Stuttgart ekibinden öğrenci Bahar Karahan, “Uzay yolculuğunda ferrosıvıların araştırma alanı henüz yaygın değil, bu yüzden her şeyi hareket ettirmek bize bağlı” diye vurguluyor. Ferrofluidler, dış manyetik alanlara tepki veren manyetik parçacıkların bulunduğu sıvılardır.

Uzayda yaşlanma ve bunama araştırması


Münih Teknik Üniversitesi’nden (TUM) ekibin yaptığı deney, yaşlanma ve bunama araştırmalarından geliyor. DLR’ye göre, ISS ile ilgili daha önce yapılan araştırmalar, uzay koşullarında birçok alanda yaşlanma süreçlerinin önemli ölçüde daha hızlı olduğunu göstermiştir. Grup sinir hücrelerini uzaya gönderir. Bazı hücre kültürleri, Alzheimer’da önemli rol oynayan bir proteinle işlenir. Sonuçlar daha sonra Dünya’daki deneylerle karşılaştırılır.

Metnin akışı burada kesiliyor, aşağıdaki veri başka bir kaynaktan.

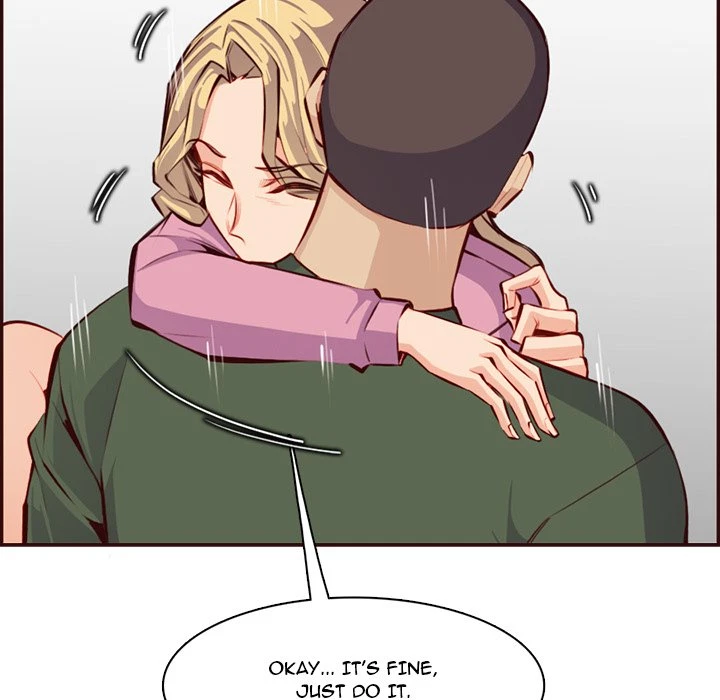 Chapter 98, page 53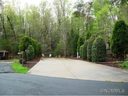 139 Cornell Circle 45 sold home in Lake Lure, SC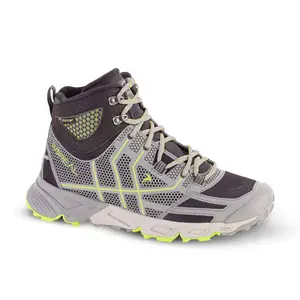 trek-expert-1622625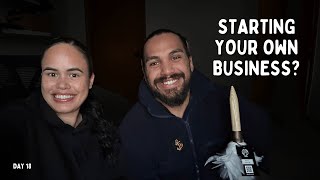 4 Essential Tips For Starting A Business In New Zealand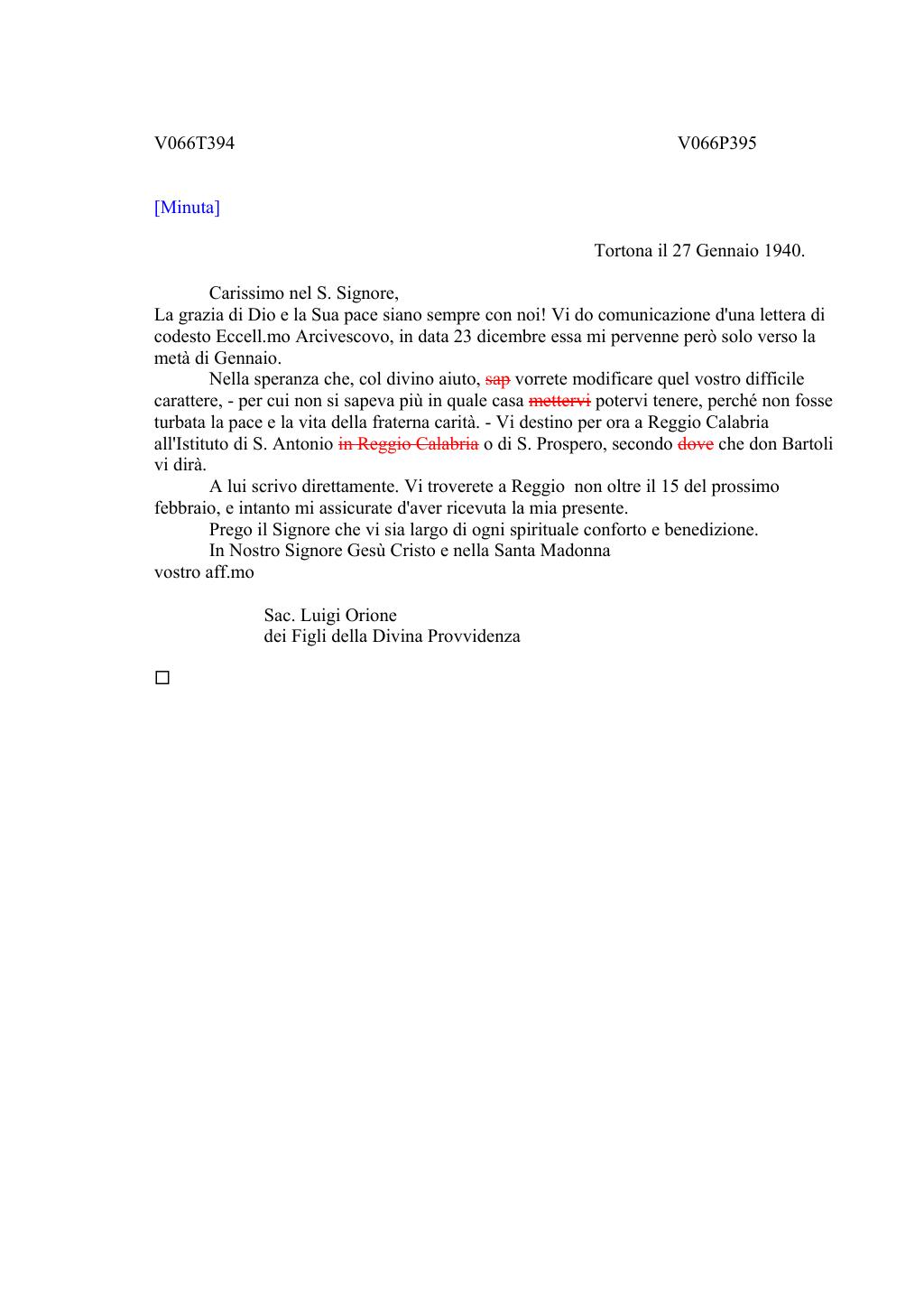 Scritti. Volume 066, pagina 455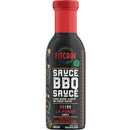 Fitcook Foods Signature Sauces - 340ml Funky - Flavors & Spices - Hyperforme.com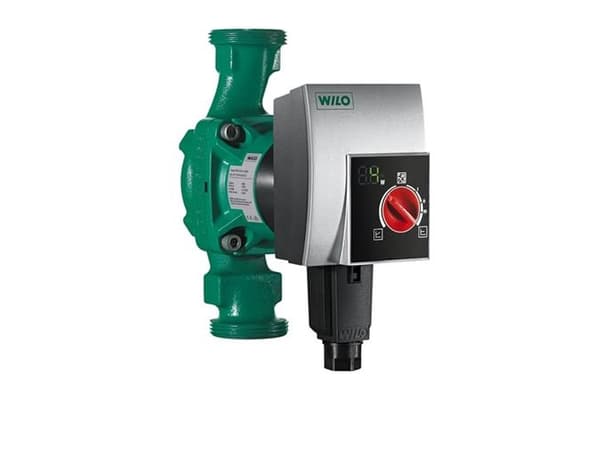 Pumpe Yonos 25/1-6 Pico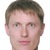 Аватар Андрей Хакана
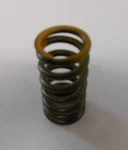 Genuine Suzuki Valve Spring Pn 12921-40F00 Gsx R1000 2001-2004 S750 2015-16. Fixed Price $6.99.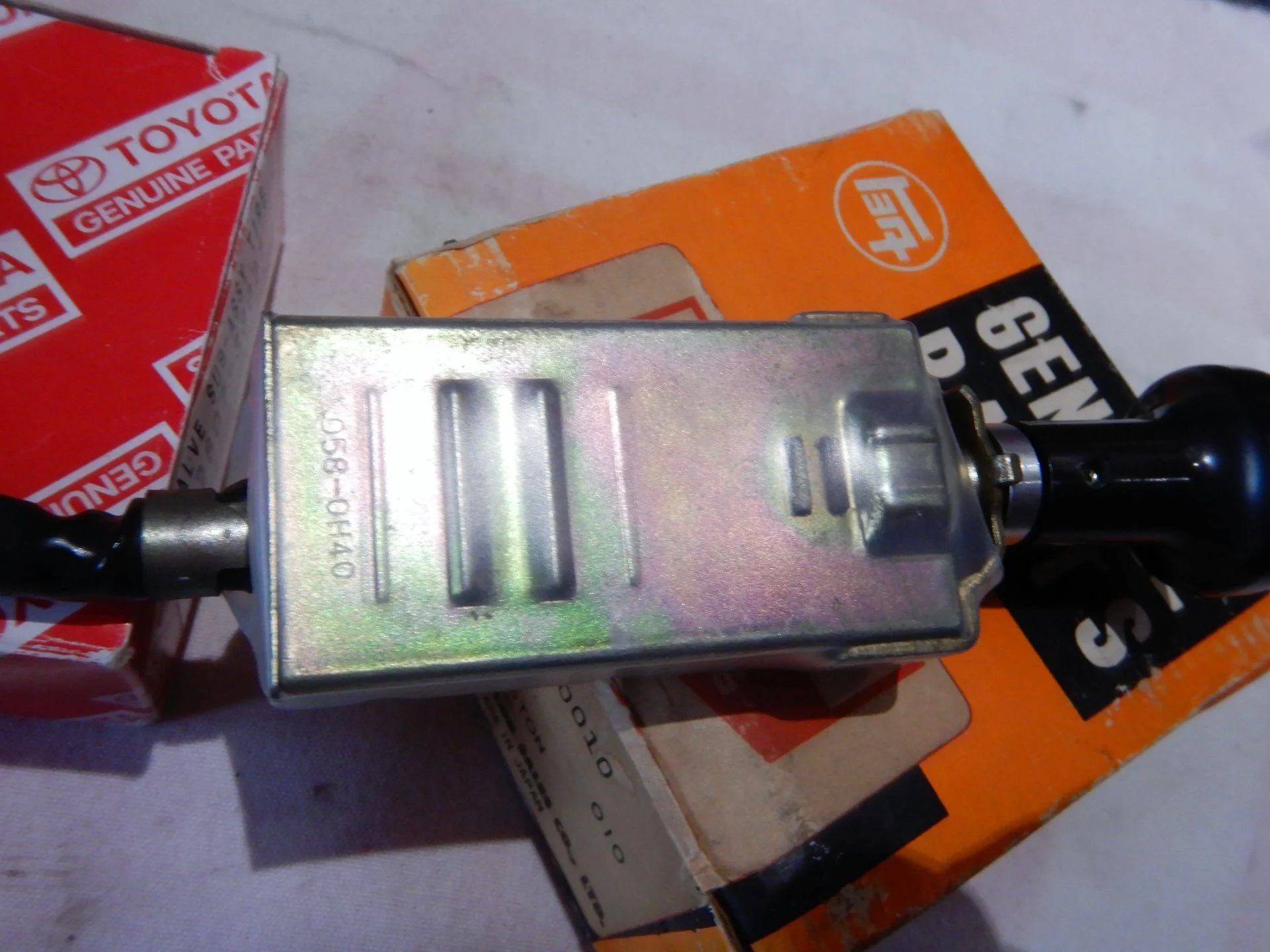 DSCN1489.webp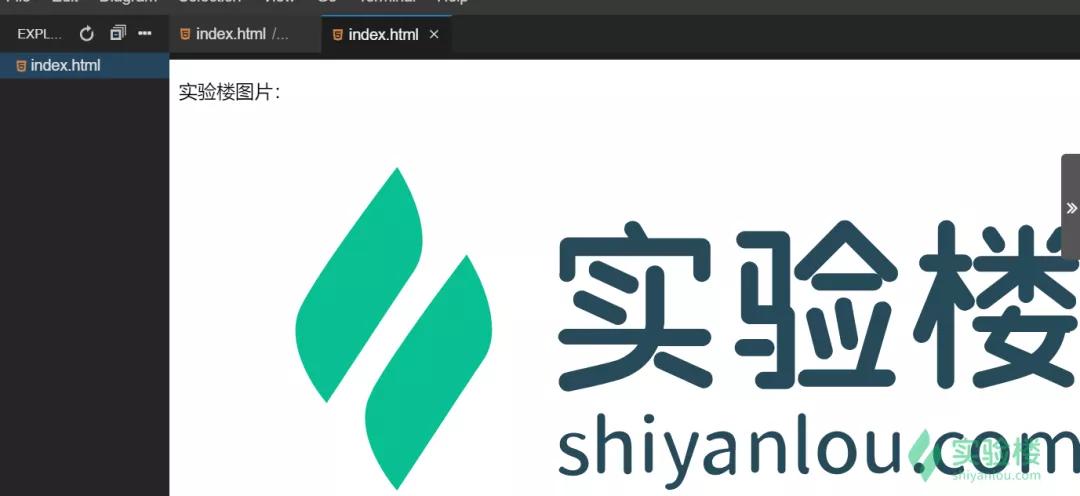 html入门基础教学,0基础html的教学视频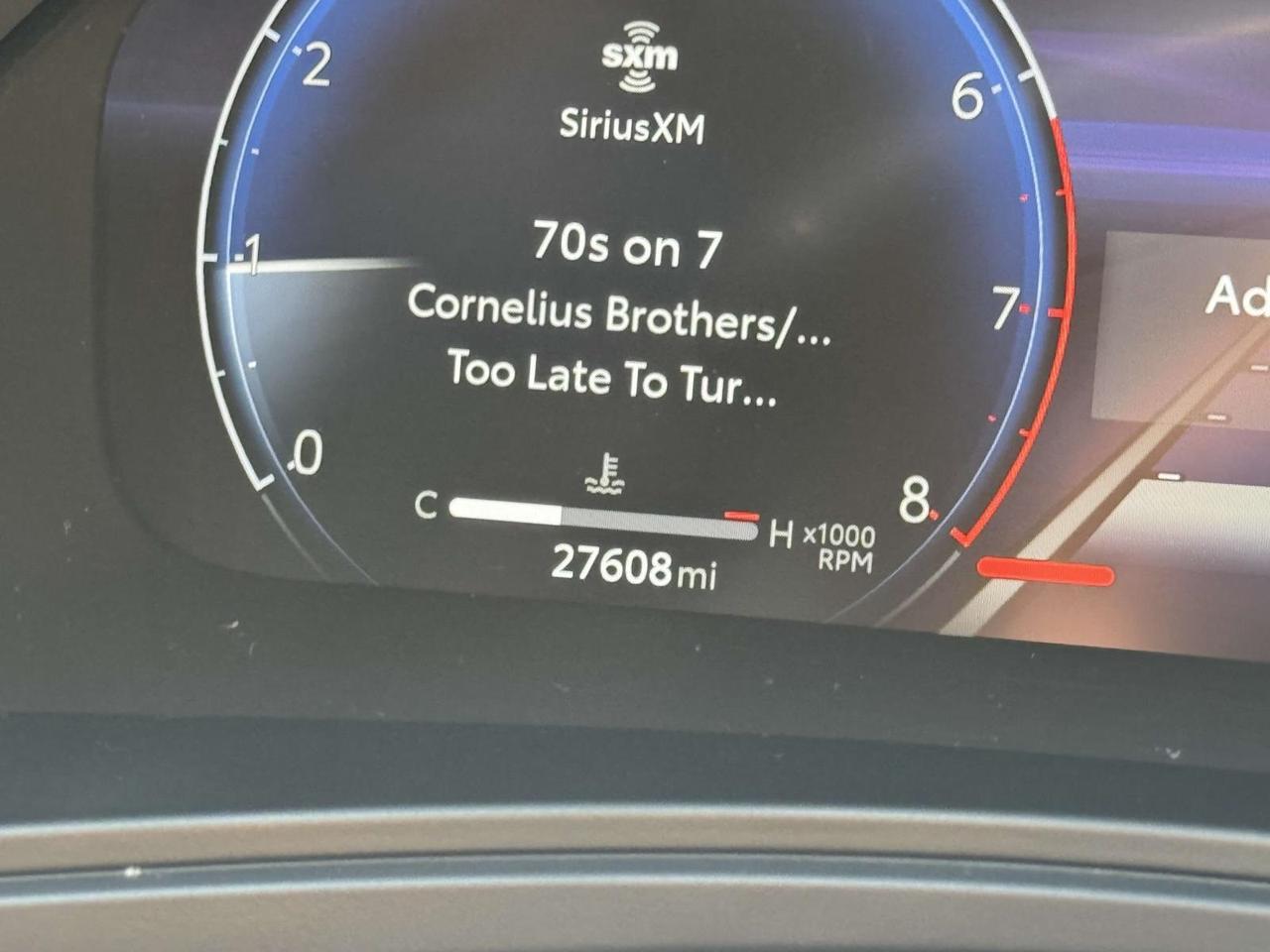 2024 Toyota Grand Highlander Limited Fredericksburg VA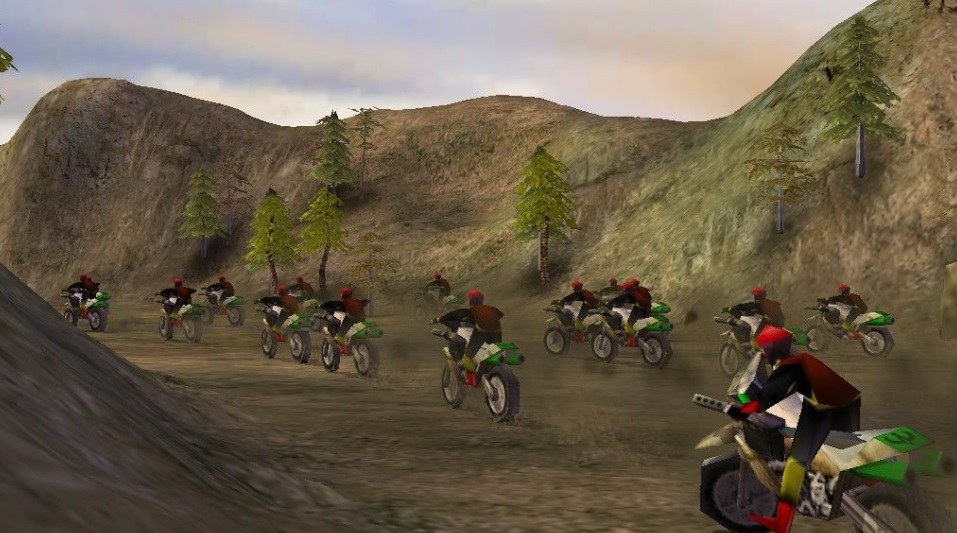cc nightwolfs
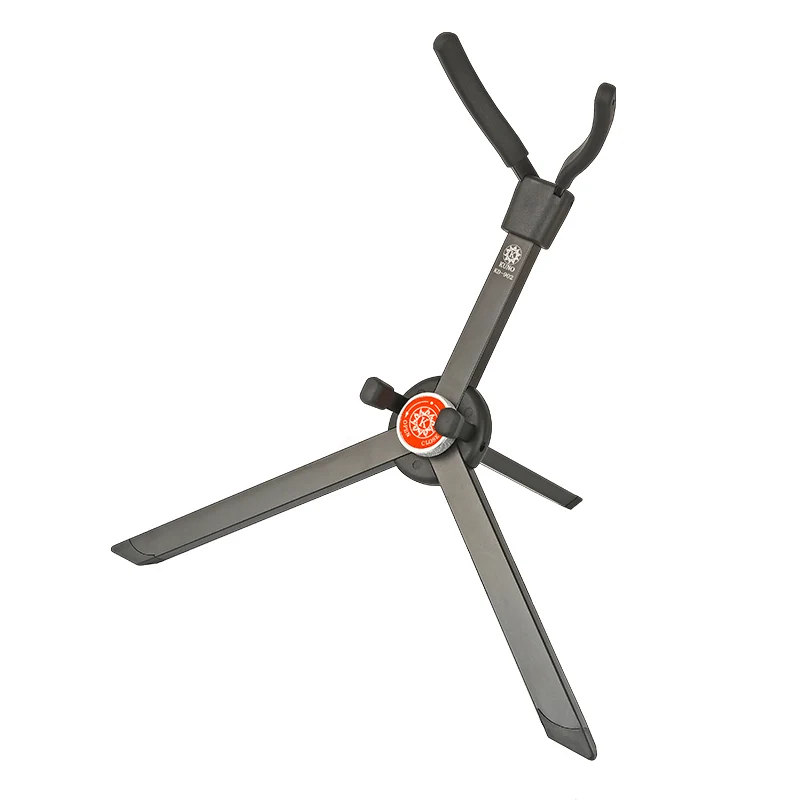 

KD-902 Подставка для музыкальных инструментов Альт-саксофон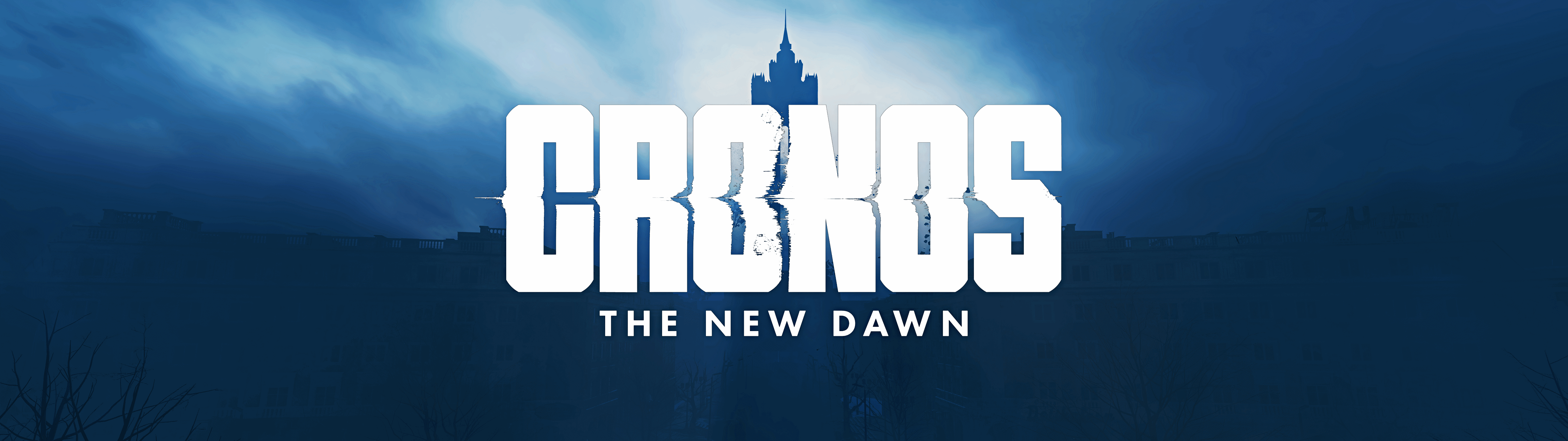 크로노스 더 뉴 던_1.gif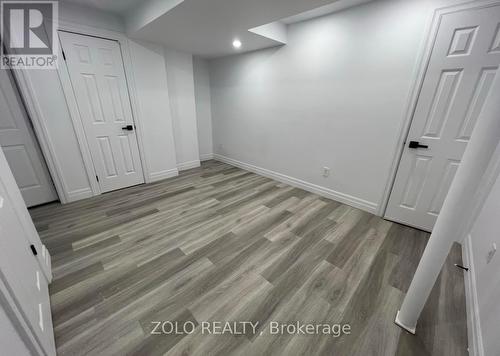 1911 Swan Street, Innisfil, ON - Indoor Photo Showing Other Room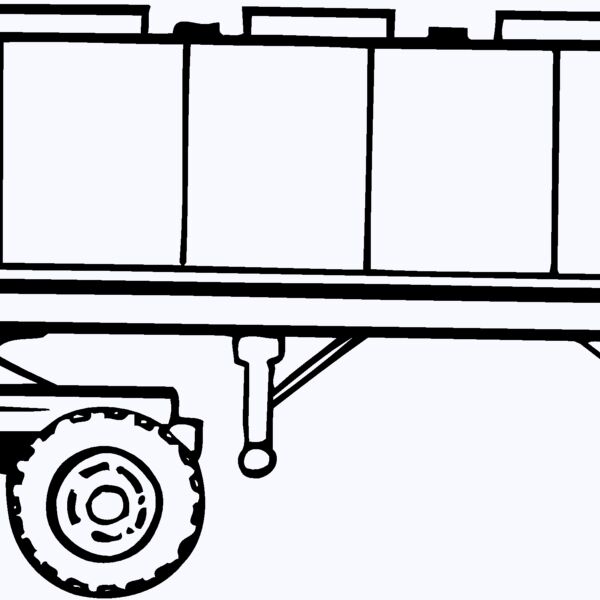 CHEM1801 Thumbnail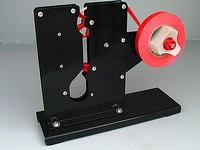 Tach-It #E-9 Bag Sealer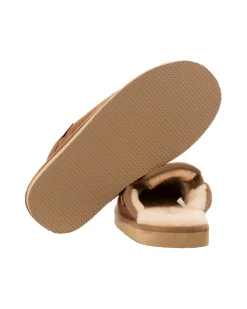 New Adam Slippers, , 46 Hjemmesko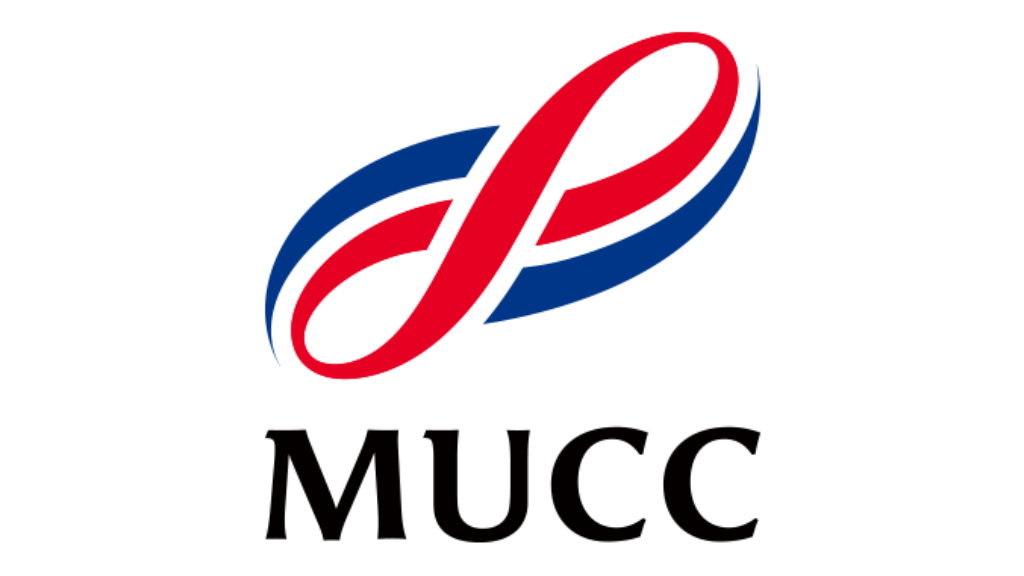 UBE三菱セメント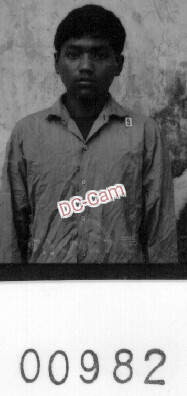 តាយ រិទ្ធ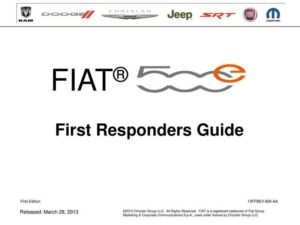 2013-fiat-500e-first-responders-guide.pdf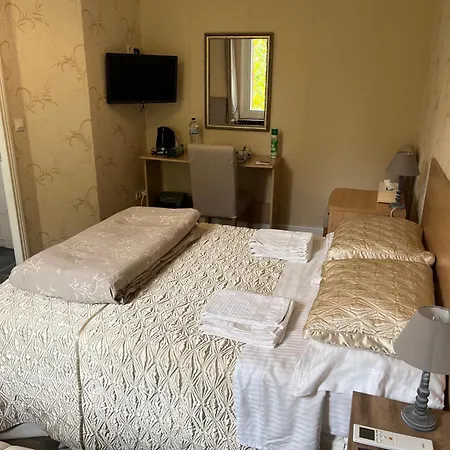 Le Pontet Miramont-de-Guyenne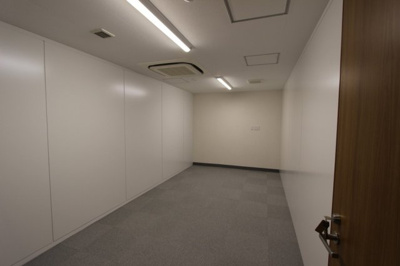【内装】 | 第3志ら梅ビルSmall Offices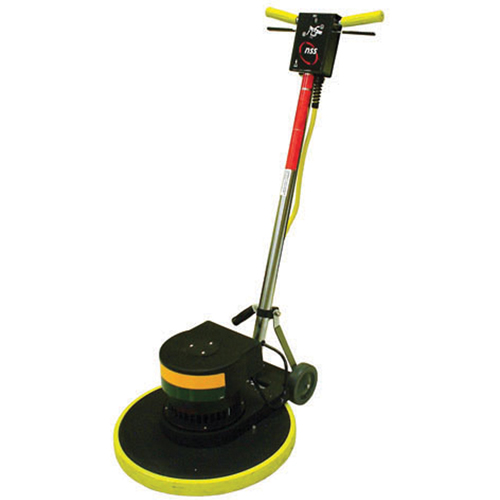 20" Mustang 300 DS High Speed Floor Machine, Cleaner/Polisher/Scrubber/Stripper Consource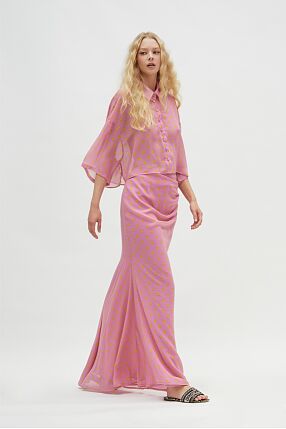 ANGELITA SKIRT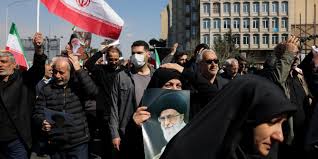 News source: Le Monde.fr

TUM grubu başkanı Fanny Rößler, “Bize sık sık her Alzheimer hastasının yakında terapi için uzaya uçup uçmayacağı soruldu. Aslında, muhtemelen durum tam tersidir” diyor. Uzayda belirli yaşlanma süreçleri hızlandığından amaç, uzayda dejeneratif hastalıkların etkilerini araştırmanın daha iyi olup olmadığını bulmaktır.


Önerilen Haber Amaçlı İçerik



Onayınız ile harici bir anket (Opinary GmbH) buraya yüklenecektir.



Anketleri her zaman yükle

Anketi şimdi yükle




Organoidler – Hastalıkların kökeni ve ilaçların etkileri üzerine araştırmalar


Lüksemburg Üniversitesi’nden dördüncü ekip, hastalıkların gelişimini ve ilaçların etkilerini araştırmak için kullanılacak olan sıfır yerçekiminde insan kök hücrelerinden sözde organoidler yetiştirmek istiyor.

Münih ekibi verileri doğrudan ISS’de tam otomatik bir şekilde ölçerken, Hannover’deki tesis deneyi 30 gün sonra dondurulacak ve ardından Hannover’de değerlendirilecek. Biyoteknoloji öğrencisi Nils Wörz, “Lucky Clover” projesinde makine mühendisliği ve bilgisayar bilimi gibi diğer disiplinlerden öğrencilerle ekip çalışmasını özellikle beğendi. Daha sonra uzayla ilgili bir iş bulmanın bir rüya olacağını söylüyor. “Astrobiyoloji son derece heyecan verici. Ama belki de Dünya üzerinde araştırma yapmaya devam edeceğim.”